Promoting PH is everyone’s task–DOT exec

Wanda Corazon Teo

Tourism Secretary Wanda Teo. ACE MORANDANTE/Presidential Photographers Division

BAGUIO CITY—Saying her task was not to keep a headcount of tourist arrivals, Tourism Secretary Wanda Teo announced the establishment of tourism media to help push the country “into the global radar” so tourism could improve local economies and serve as a poverty alleviation tool.

“Since Day 1 [of my appointment as secretary], I had only one goal in mind—to rally [everyone] behind one simple idea, that tourism [promotion] is a shared responsibility,” Teo said in her address to the annual Media Congress organized by the Media Specialists of the Philippines at Camp John Hay here last week.

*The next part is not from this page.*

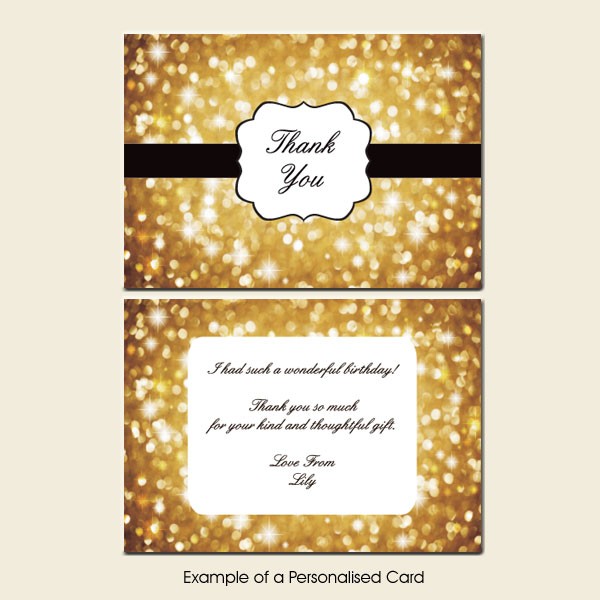 Thank You Cards - Gold Glitter Pattern - Pack of 10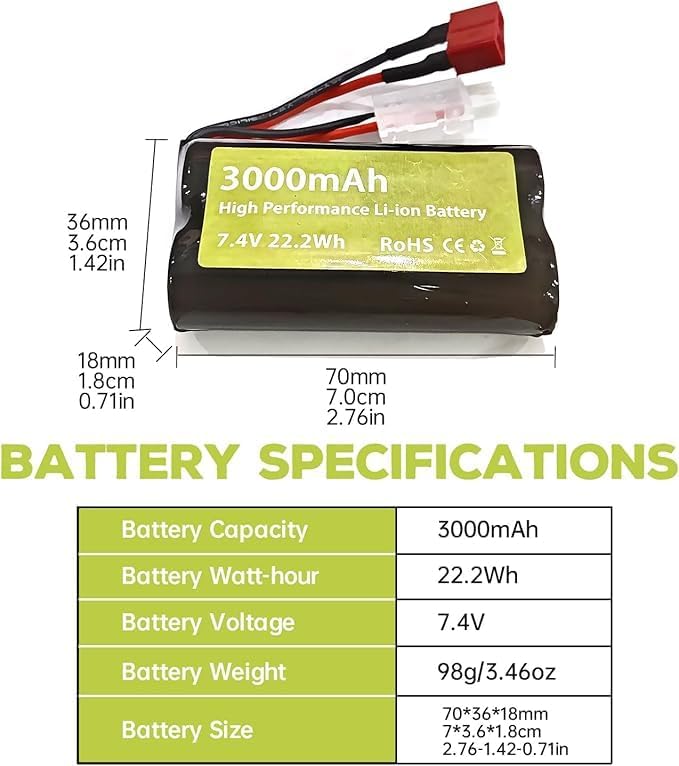 Miniatura 7 de sea jump 2 unids 7.4V 3000mah 15C 2S Li ion batería con enchufe tipo T y cargador 2 en 1 para WLtoys 12423 MJX 14301 14302 14303 H16PL alta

Teo said her mandate “is not only to improve statistics but to make a difference by translating [tourism arrivals into] profitable income and employment.”

Tourism potentials

To muster support, she said she had directed the regional offices of the Department of Tourism (DOT) to establish their respective tourism media, hoping to let reporters get a “first-hand grasp of newsworthy tourism potentials in the regions.”

She said she viewed media as “great influencers and thought leaders” who would trigger change “and build a nation that we can all be proud of [by providing news that are] accurate, impartial and development-oriented in transforming lives.”

According to her, the DOT has revived a tourism referral incentive program called “Bring Home a Friend,” which was introduced by former Tourism Secretary Mina Gabor.

She said the DOT was also designing programs that would allow “indigent Filipinos to partake in the tourism industry” by investing government resources in rural communities using P677 billion, which President Duterte pledged to raise for tourism.

Latest DOT campaign

The DOT’s latest tourism advertising campaign, “When you’re with a Filipino, you’re with family,” was conceived because it highlighted homegrown Filipino values, she said.

The commercial features the mother of a family who offered a Caucasian tourist a snack of yam when he wandered near a river.

The tourist asked his guide what the woman meant when she called him “anak.” The guide answered that she called the tourist her child.

Teo said the commercial built upon “what other countries had failed to see” about the Philippines, which was its people.

She said the country’s welcoming nature was its strongest and most enduring brand quality.